While Ivanka was laying the foundation for her conquest of Manhattan, I was experiencing a new reality in Lebanon as it was rocked by a string of political assassinations and bombings and a decimating war with Israel. The gulf between us became increasingly apparent. During my first two-year stint in Beirut, Ivanka regularly emailed me messages like,
‘When are you getting your ass back to NYC? You’re going to be replaced.’
I remember her being the only person I knew who didn’t ask me what the war was like. By the time I did return home, she had started dating Jared Kushner, whose family was Orthodox Jewish, and my pro-Palestinian stance began to chafe. Since 2007, I’ve worn a necklace with my name written in Arabic, and Ivanka grew increasingly irritated by it. Sometimes, she would randomly say, “I hate that thing.” Then one night in the middle of dinner, she glanced at the necklace and said,
‘How does your Jewish boyfriend feel when you are having sex and that necklace hits him in the face? How can you wear that thing? It just screams, terrorist.’
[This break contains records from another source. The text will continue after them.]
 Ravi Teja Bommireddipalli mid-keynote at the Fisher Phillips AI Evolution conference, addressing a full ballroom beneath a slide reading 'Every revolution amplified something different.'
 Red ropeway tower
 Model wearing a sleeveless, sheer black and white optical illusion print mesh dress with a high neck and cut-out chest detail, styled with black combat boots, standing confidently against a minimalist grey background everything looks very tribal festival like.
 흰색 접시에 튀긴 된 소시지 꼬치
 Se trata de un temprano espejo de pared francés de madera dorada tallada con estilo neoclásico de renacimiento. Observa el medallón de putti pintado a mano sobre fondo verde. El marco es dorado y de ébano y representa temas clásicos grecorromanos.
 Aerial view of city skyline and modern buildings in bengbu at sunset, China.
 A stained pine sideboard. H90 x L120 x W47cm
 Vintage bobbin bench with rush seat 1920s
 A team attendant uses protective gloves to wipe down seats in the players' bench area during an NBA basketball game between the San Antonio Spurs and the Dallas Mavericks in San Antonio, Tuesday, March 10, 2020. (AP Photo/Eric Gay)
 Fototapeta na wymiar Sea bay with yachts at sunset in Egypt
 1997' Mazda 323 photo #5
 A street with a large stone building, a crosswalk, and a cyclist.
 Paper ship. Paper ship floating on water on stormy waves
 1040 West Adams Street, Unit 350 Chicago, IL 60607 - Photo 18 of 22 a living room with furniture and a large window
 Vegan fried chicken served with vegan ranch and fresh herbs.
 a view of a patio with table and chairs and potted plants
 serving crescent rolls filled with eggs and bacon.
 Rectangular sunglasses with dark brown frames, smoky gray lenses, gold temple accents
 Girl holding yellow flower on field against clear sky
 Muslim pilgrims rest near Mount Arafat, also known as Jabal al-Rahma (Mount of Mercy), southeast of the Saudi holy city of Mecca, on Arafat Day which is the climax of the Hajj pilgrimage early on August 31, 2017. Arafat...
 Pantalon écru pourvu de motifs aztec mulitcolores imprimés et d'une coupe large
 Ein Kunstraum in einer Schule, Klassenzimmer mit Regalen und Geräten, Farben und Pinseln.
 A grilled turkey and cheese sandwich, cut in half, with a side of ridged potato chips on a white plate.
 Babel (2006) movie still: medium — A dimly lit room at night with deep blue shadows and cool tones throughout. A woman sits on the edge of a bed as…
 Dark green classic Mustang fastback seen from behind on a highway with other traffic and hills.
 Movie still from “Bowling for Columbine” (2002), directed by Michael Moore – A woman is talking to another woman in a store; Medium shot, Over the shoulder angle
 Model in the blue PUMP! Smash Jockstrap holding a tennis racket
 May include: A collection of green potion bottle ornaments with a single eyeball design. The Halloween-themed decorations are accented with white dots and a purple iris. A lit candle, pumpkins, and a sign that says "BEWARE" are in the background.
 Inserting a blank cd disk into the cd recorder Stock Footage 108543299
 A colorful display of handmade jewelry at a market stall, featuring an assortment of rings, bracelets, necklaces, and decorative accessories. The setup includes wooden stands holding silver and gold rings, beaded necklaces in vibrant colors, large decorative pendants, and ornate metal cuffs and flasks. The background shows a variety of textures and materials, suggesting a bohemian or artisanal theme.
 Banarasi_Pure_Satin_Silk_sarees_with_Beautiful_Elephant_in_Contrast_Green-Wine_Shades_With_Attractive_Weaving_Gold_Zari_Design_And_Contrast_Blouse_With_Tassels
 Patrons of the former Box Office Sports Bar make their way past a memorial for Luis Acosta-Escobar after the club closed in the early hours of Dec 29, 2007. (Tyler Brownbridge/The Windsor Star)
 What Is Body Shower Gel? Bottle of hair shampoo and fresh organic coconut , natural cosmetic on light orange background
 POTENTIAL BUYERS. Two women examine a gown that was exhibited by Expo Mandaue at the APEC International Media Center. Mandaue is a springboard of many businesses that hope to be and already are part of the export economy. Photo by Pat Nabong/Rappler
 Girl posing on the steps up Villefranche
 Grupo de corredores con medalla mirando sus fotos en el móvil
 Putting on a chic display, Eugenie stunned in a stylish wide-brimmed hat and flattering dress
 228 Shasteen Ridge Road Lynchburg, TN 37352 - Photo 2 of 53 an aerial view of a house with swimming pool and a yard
One time, we were driving to Manhattan from Bedminster, and I think we were having some sort of disagreement about affordable housing in Manhattan. I distinctly remember Ivanka saying something along the lines of,
‘Ly, I can’t talk about this stuff with you anymore because you’ve really turned into a Marxist.’
The months between her engagement and wedding to Jared were a flurry of activity in which I was honored to participate. When I started a new job in a different field the day after their wedding, however, I expected my best friend to ask how it was going. After what could have been a few days or weeks, I remember sending her a text that said something like,
‘Hey, I started a new job the day after your wedding, and you haven’t asked me a single question about it.’
I don’t remember her exact reply, but it was something along the lines of,
‘Ly, I’m too busy for this shit.’
That was more or less the end.
For the past four years I have tried to tune out the conversation that dominated international media, but it is nearly impossible to ignore when the person who used to pluck ingrown hairs from your bikini line suddenly appoints herself to the role of unelected public official and begins to torch democracy.
…aligning herself with her dad’s banana republic-style administration made no sense to me, until my friend suggested that Ivanka took her kids to the rally to show them that they are American royalty. This explanation seemed most plausible.
What is more royal than presiding over subjects that you disdain?
I’ve been a good Wasp and kept quiet until now, even as I’ve grown increasingly repulsed by Ivanka’s ability to aid and abet her father. I’ve been comforted by the certainty that the backlash from those whose respect she craves most must sting. Still, I miss my old friend.
…the damage the Trump family has done is unforgivable, even if perpetrated by my childhood best friend—I expect Ivanka will find a soft landing in Palm Beach instead, where casual white supremacy is de rigueur and most misdeeds are forgiven if you have enough money.
Whether Ivanka is able to rehab her stained image or not, I hope she wasn’t able to drown out the applause of the city she once aspired to rule, cheering and celebrating her political downfall.
I was with them, crying with relief, matched only by the regret and shame I feel for not holding my former friend to account sooner.”